Yes, "small fry." Those people who plead for donations for items that I feel I could earn in less than a week. Even now, I feel that my quest for a January Letter or Emo Bag is rapidly becoming part of "small fry-dom": I quest but already I know I can purchase the item within 100 days from the quest's start.

I think being able to calculate what I need to do over x number of days has diminished the...thrill of a quest. It's not as hard as I think it should be. How much of a challenge is it, when I work out that I need to save up 500 gold a day for, let's say, 90 days? Where's the challenge? (Inflation is accounted for, too.)

There isn't much as far as I can see. All that is required is some work and a little patience. Eventually I will finish the quest and a 50K item isn't a big deal. Apparently for me. I've been reading self-motivation books and I'm wondering if that's assisting in my "snub-down, looking-down-the-nose" attitude. I wouldn't think that would be the case; however, what's up with me?

Hmm. Now that I've re-thought what I've just typed out, I don't think I have a "snub-down, looking-down-the-nose" attitude. It's more of a "how can you be sniffling for donations for an item that doesn't cost that much" attitude. Darn those crying emoticons. (And what's up with those people who use the anger emoticon for anything they had to actually purchase off their wishlist?)

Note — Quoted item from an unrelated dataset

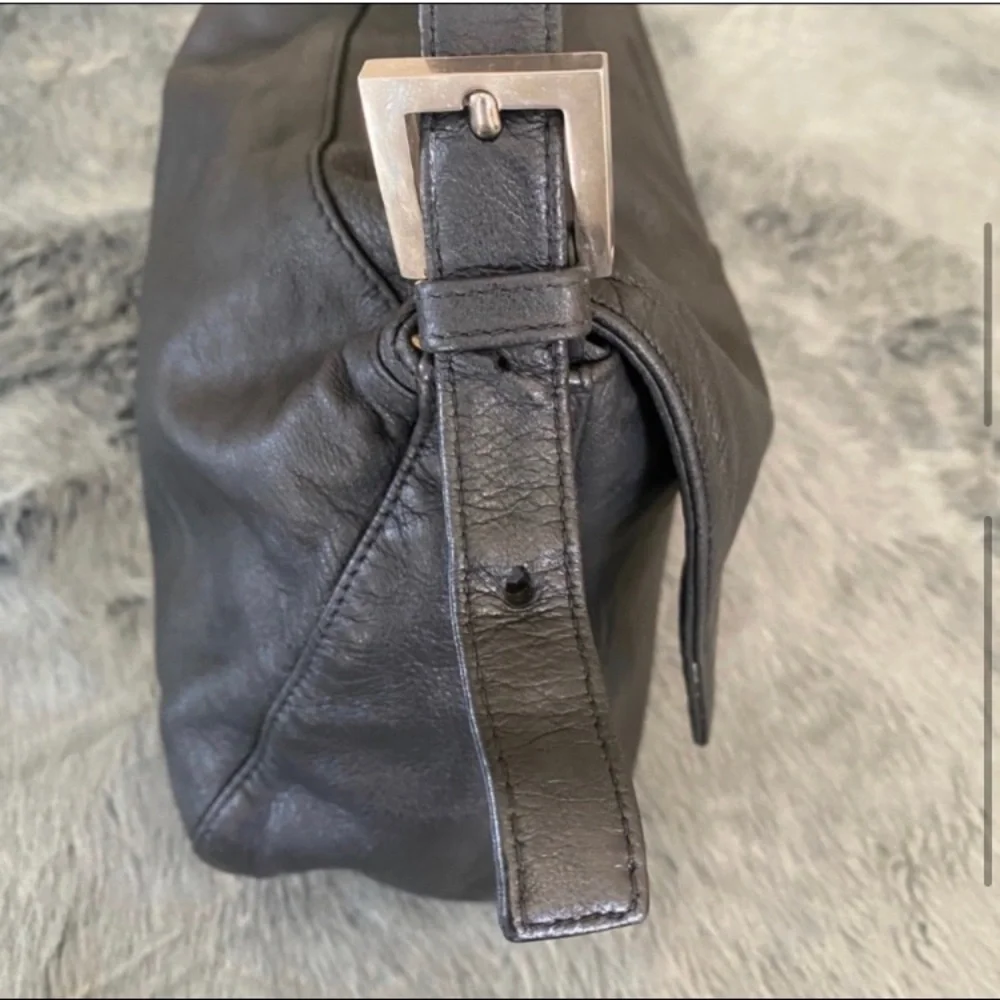 Vintage Fendi Mama Baguette Leather Shoulder Bag - Picture 3 of 15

Okay. I think I've pin-pointed some of the issue, because it feels like a weight is off my little shoulders and the sun's light just increased in intensity. (And I'm not even near a window, so it better not be a tornado! xp ) Those crying, gonking, angry, and whatever, um, sucky, emoticons are getting to me. (I'm such a sensitive person.[/sarcastic]) I don't like them. Period. They turn me off something fierce!

And yet, I'll still gawf at people whose quests I feel are...too easy, for a lack of a better term. (I wonder how many gawfed at my Brown Paper Bag quest? Can I take comfort in knowing that there must have been at least a handful, more than likely many more? And now that I think of it, I think even I would have gawfed at it. 3-8 days for a bag isn't long.)

I question myself on Gaia. Questing is okay, although it's apparent that I'm not challenging myself enough. (I don't even feel that people should donate to me, because for whatever amount they donate, I can make it in a day or so anyhow, and thus, to what difference does it make if I buy the item on day x or on day y, a few days later than day x?) I'm a member of The Official Quest Guild, yet when I step aside from my own quest, my gold earnings drop and I perform poorly. While I'd like to give, I'm not too free with my gold. When I quest, I'm critical about others' quests. (I won't go there about those super expensive rare items.)

I think I have most of my concerns out now. There may be one or two lurking. My next step is to figure what kind of a Gaian I want to be. I haven't given it much thought until now, because why should have I? Now I've reached the stage where I'm in a Guild for questers that I need to be helping out in (want is the better term), yet no one gets help more from me then me. In other words, I'll reach the moon for myself, but for others I may be lucky to reach the stars.

And that's the inconsistency I need to work on. How can I be a crew member of a Guild that helps questers, and look at other quests while thinking less of them then my own, if I'm not really there to help out donations? What sort of image do I want to have on Gaia? I know it's not one where I give all my gold and items away and go around naked. (That sort of behaviour earns no bonus points from anyone and not much future favours in my line of thinking.) However, I'm not wanting to be one of those who go on quest after quest, never giving any gold to other people because I'm too important and that I always come first. While I won't ever have that image (I have donated to people and the Guild), unless someone who doesn't know me labels me as such, that doesn't mean I won't end up near there.

It's a bit of a tangled mess that I need to figure out if I'm coming or going or have already gone. I'm glad it's not as big as I've made it out. Or as messy, now that I think about it some more. My current state bites though. I don't like that I can be more helpful to myself than to others.

And maybe that chap was responding to my poll from this morning.